Here are pictures I took looking through some of the kids' kaleidoscopes. They made some impressive and interesting patterns! 

I love how everyone's turns out totally unique, and they all made some really cool patterns, regardless of whether they were the child who put lots of thought and meticulous drawing into it, or the child who rushed through with random scribbles and dots! This is a great activity for a fairly wide range of ages and abilities. The kids really seemed to enjoy making them, particularly once they got to see how neat their patterns were and liked looking at each others' as well. Only the youngest needed any assistance, and that was minor. Here are the kaleidoscopes themselves:


I was looking for something else to show using mirrors and reflection and found out about a couple of neat items: an infinity mirror, which creates an endless tunnel effect; and a mirascope, which uses two parabolic mirrors to project a 3D image. I found incredibly inexpensive versions on Amazon, and though I was a bit skeptical, they really worked!
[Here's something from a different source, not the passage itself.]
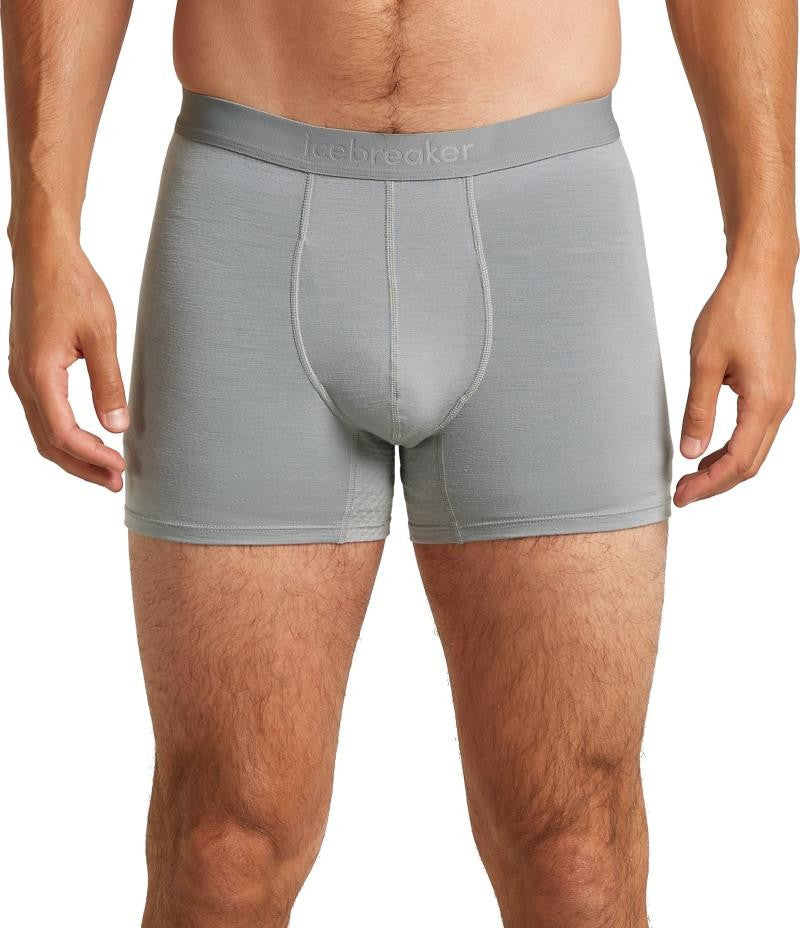 Merino Blend 125 ZoneKnit Boxers - Mens - alloy 1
Here is the mirascope I bought from Amazon for about $9 (though the price tends to fluctuate):

This thing is seriously cool! Look closely at the second and third pictures....would you believe me if I told you that frog and that ring are NOT really there, and neither is the mirror they appear to be sitting on? It is really just empty space over a hole, as the last picture shows! The mirascope is two curved pieces with an inner mirrored surface. When you put a small object inside, on the bottom, the reflections bounce around and end up projecting a 3D image above! It is so convincing, you cannot resist the urge to touch it, even when you KNOW it's not real. Kids and adults alike will be amazed!  To really see how well it works, check out this video, demonstrating several different objects:

The infinity mirror is from a DIY kit for kids that I found on Amazon for $12, though supplies are extremely limited. There are other tutorials online for making them, but I didn't have time to hunt down supplies, and I thought this would be much cheaper in the long run. It is basically a shadow box with a regular mirror on the bottom and a two-way mirror on top, with a string of LED lights around the perimeter in between.
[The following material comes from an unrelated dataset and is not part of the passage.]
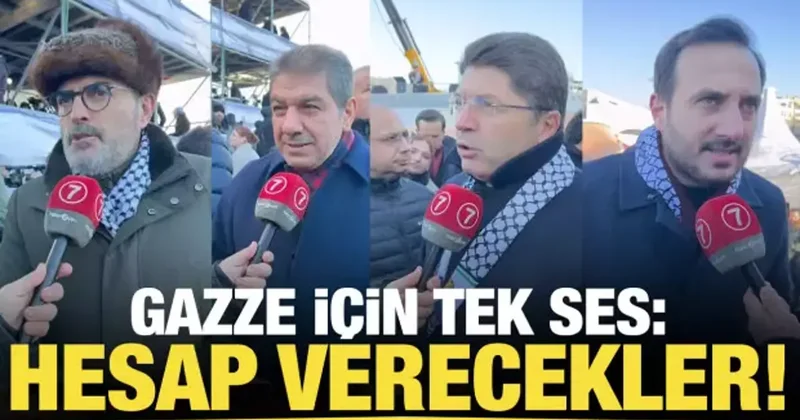 İstanbul dan Gazze için tek ses: Terör ve insanlık suçunu işleyenler hesap verecek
When the LED lights are off and the room lights are on, it just looks like a mirror. But when the room lights are dimmed, and the LED lights are on, it looks like an endless tunnel. Unfortunately, the photograph really doesn't do it justice. I jokingly told the kids it looks like a mirror, really a portal to another dimension! One precocious boy figured out how it worked right away, and explained that the reflections just keep bouncing back and forth between the mirrors, creating the effect, and we can see it because the top glass is only partially mirrored.

I explained that mirrors could be used to make these and other kinds of illusions and special effects, and that they are sometimes used in magic tricks and used to be used for special effects in television and movies before CGI, and are still used for live stage performances.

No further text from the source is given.